__Brief__
Of the entries below, return only those lines from the line with "Short Questions: Motions" to the line with "SIU Prize Mùa", exactly, both included.

BEGIN Input

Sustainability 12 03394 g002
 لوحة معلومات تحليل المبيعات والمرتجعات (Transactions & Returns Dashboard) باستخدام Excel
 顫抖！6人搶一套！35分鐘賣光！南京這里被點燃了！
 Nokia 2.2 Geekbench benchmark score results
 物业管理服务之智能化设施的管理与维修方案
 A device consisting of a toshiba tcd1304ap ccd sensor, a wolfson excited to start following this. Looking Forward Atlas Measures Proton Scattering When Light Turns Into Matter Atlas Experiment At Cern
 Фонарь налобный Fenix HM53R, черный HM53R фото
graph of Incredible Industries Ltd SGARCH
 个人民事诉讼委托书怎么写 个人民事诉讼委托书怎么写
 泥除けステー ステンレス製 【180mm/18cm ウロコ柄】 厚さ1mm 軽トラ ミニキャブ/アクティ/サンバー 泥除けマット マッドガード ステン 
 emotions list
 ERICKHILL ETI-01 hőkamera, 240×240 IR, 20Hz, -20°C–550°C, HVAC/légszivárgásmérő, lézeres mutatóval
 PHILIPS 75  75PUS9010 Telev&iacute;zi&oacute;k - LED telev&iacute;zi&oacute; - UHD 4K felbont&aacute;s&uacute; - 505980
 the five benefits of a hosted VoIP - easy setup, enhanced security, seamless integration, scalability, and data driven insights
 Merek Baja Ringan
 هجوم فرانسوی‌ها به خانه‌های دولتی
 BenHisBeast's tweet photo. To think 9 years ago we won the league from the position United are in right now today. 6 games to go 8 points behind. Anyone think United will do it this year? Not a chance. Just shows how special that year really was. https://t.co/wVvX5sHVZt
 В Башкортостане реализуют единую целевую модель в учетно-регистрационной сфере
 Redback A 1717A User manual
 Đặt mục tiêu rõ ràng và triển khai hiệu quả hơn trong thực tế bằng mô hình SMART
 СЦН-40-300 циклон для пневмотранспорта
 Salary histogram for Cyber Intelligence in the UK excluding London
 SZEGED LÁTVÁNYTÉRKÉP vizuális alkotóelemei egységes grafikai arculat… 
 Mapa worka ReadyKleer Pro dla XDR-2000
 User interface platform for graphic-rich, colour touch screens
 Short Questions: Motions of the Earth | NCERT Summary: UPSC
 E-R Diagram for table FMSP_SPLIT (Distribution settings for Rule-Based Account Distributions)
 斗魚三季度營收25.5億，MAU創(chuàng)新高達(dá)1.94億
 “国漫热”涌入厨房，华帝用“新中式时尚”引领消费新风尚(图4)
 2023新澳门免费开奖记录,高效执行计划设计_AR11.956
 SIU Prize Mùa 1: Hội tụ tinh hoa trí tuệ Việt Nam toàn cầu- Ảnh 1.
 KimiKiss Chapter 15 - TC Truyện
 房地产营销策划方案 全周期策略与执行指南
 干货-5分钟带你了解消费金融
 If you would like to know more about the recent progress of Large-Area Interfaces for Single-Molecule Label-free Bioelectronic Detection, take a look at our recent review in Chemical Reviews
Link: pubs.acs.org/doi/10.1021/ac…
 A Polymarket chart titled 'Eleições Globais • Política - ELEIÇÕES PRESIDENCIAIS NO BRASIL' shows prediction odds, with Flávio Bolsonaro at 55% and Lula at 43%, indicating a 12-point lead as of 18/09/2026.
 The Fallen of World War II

END Input

__Answer area__
 Short Questions: Motions of the Earth | NCERT Summary: UPSC
 E-R Diagram for table FMSP_SPLIT (Distribution settings for Rule-Based Account Distributions)
 斗魚三季度營收25.5億，MAU創(chuàng)新高達(dá)1.94億
 “国漫热”涌入厨房，华帝用“新中式时尚”引领消费新风尚(图4)
 2023新澳门免费开奖记录,高效执行计划设计_AR11.956
 SIU Prize Mùa 1: Hội tụ tinh hoa trí tuệ Việt Nam toàn cầu- Ảnh 1.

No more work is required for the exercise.